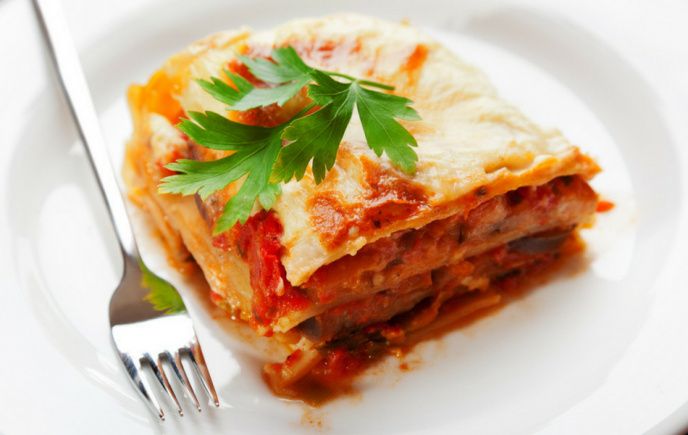 Lasaña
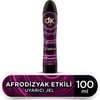 Okey Nirvana Uyarıcı Jel 100 ml Afrodisyak Özelliği ile Aile Planlaması İçin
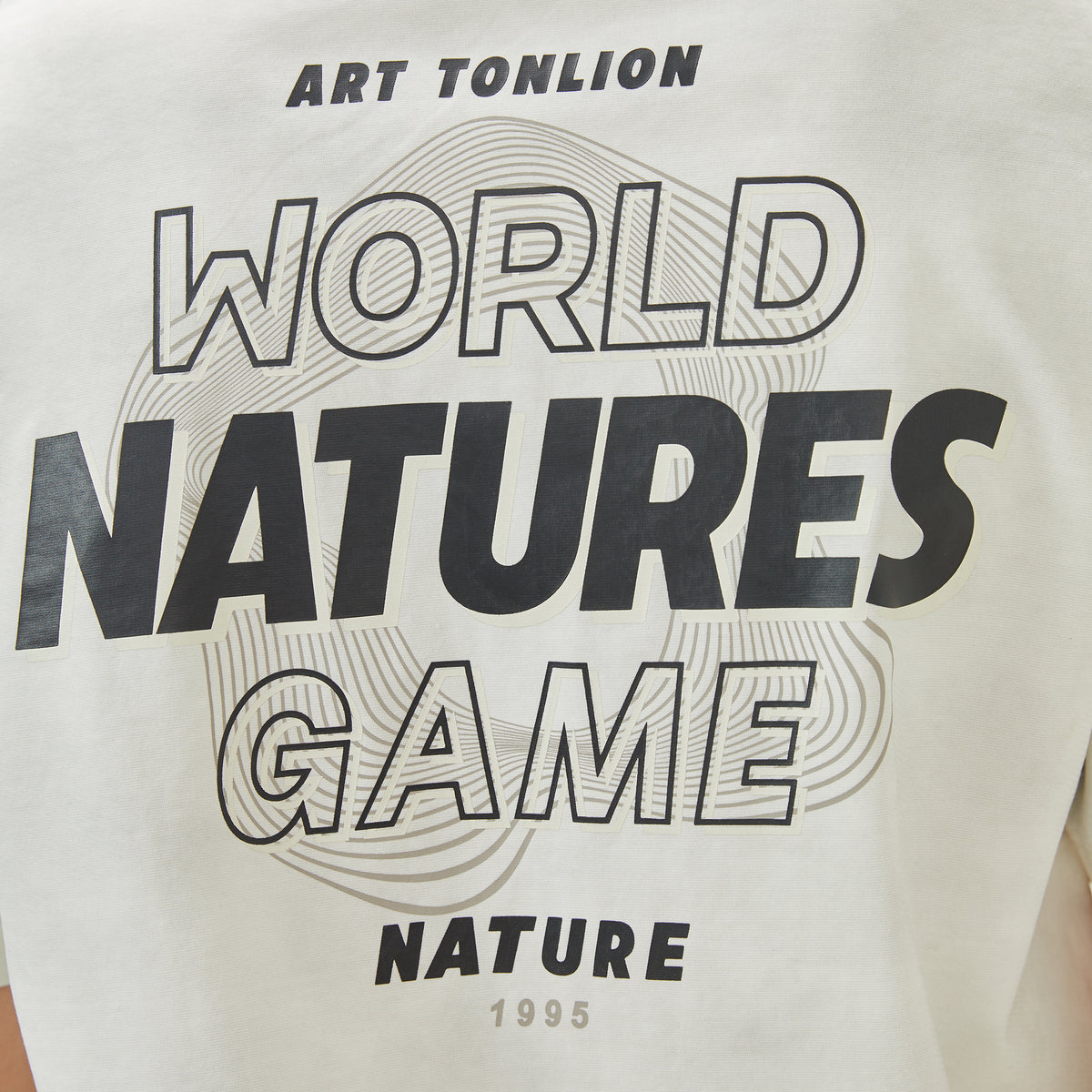 Printed T.Shirt For Men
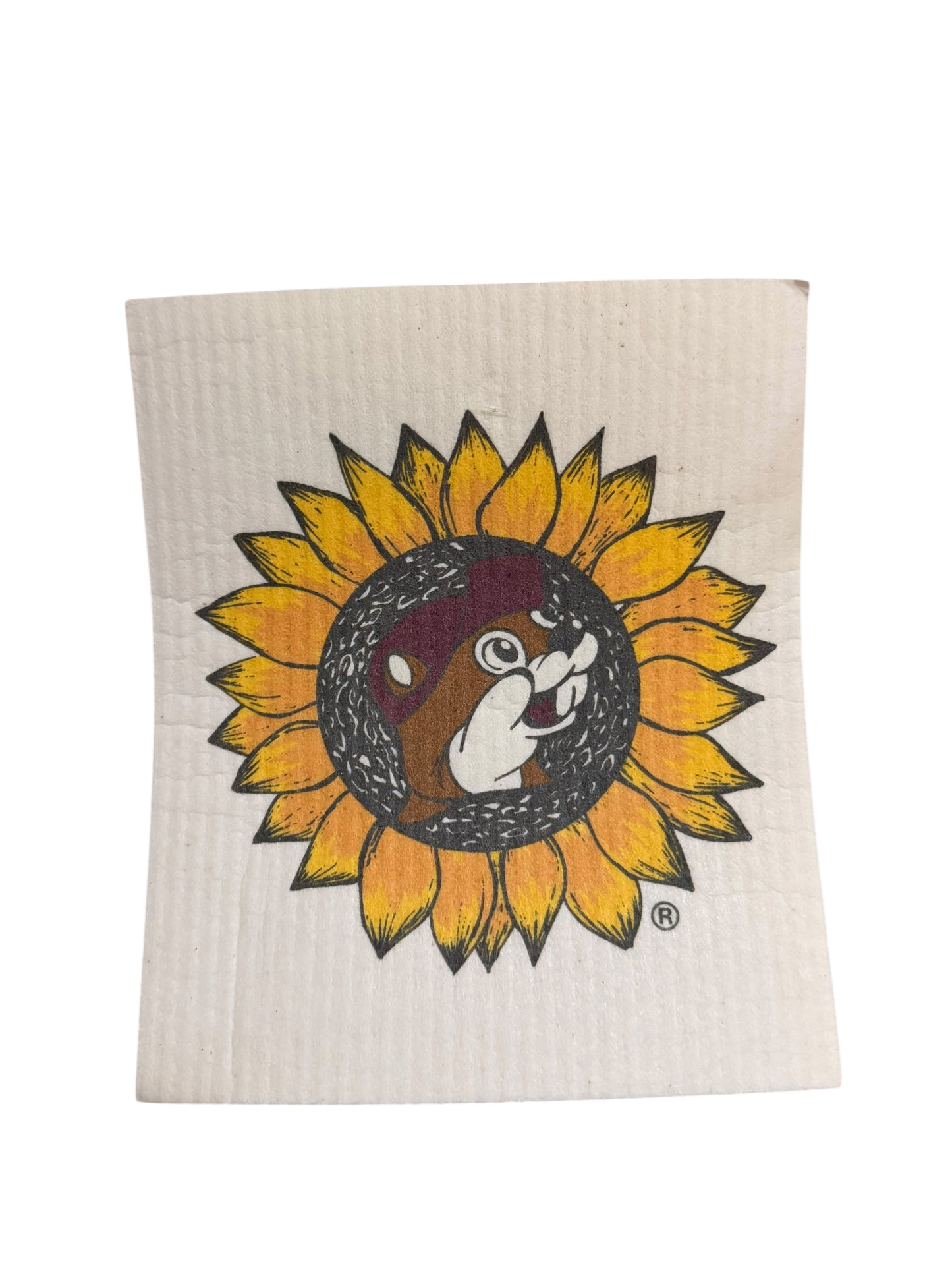 Buc-ee’s Swedish Dish Cloth Collection – Reusable Eco-Friendly Cleaning Cloths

____________

Task requirements:
Using the listing above, write out exactly the lines from the one that holds "Okey Nirvana Uyarıcı" through the last line, both included, and omit pictures.

Answer for the task:
 Okey Nirvana Uyarıcı Jel 100 ml Afrodisyak Özelliği ile Aile Planlaması İçin
 Printed T.Shirt For Men
 Buc-ee’s Swedish Dish Cloth Collection – Reusable Eco-Friendly Cleaning Cloths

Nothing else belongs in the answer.